Escape from the dying Earth wasn’t easy, but at least it was fast; the journey to Alpha Centauri will take the best part of a thousand years, but what other option is there in Ramez Naam’s Exile from Extinction? Across that vast gulf there is ample time for reflection on the past, a future history of hubris, ambition and technological leaps which led to the final war, as ever, precipitated by fear and jealousy; the AI’s advanced, humanity did not, yet still there is hope among the cold stars.
John Barnes takes the opposite approach to his peers in My Last Bringback, Doctor Layla Palemba having been a natural birth among the nubrids (“a bunch of supermodel-athlete Spock-Buddhas”) born in an age when enhancements are the norm because of her fundamentalist parents. A difficult story to get into, struggling through the reconstruction of memories corrupted by the “natural” aging process she is bound to, while the adaptability and long lives of the nubrids facilitates forgiveness a natch can hold a grudge to the grave, and beneath the optimism there lies a very human streak of nihilism.

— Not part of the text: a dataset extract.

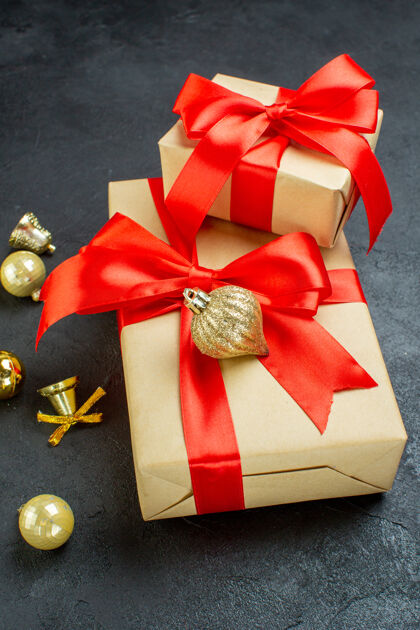 礼品盒礼品盒侧视图与红丝带和装饰配件在黑暗的背景机械装置轮子观点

Resistance to an increasing societal norm of genetic engineering is also what gave rise to Eva, the Outsider of An Owomoyela’s story, a refugee whose ship has arrived at the distant colony of Se where she has found her nightmare has arrived before her, a fully engineered and integrated world where every individual is optimised for their role and connected via neural implants to a shared network. Their guest initially a historical curiosity, Eva sees her rescuers as slaves to a system from which she will be their liberator, but whether it is justice or prejudice which drives her remains unexplored, the story concluding just as it becomes interesting.
With Ian McDonald’s The Fifth Dragon published in Reach for Infinity as a prequel to his first Luna novel, New Moon, he returns to that setting with The Falls which concludes the collection. As much about artificial intelligence as it is about the evolution of humanity, Nuur finds she understands more of the fears of the planetary exploration probe named Callisto she is psychoanalysing than what drives her own daughter who has grown up as a second generation lunar citizen with all the adaptations and and changes of that environment, but regardless of the courses of their lives it is gravity which remains the inescapable constant.
Perhaps it was a consequence of the challenge issued by Strahan, but many of the stories have a focus on detail, on the minutiae of the circumstances they represent, an intense focus on how these worlds are different from our own to the extent that they concentrate more on that than story, and it does seem these stories have been frontloaded, to concentrate and challenge the reader.
Because of this, while many of the stories are undeniably accomplished in conception and execution, some needlessly obfuscate a fairly simple story by burying it under layers of incomprehensible jargon, which is not the same as having a clever plot, the first time that accusation could be directed at one of Strahan’s usually superior collections.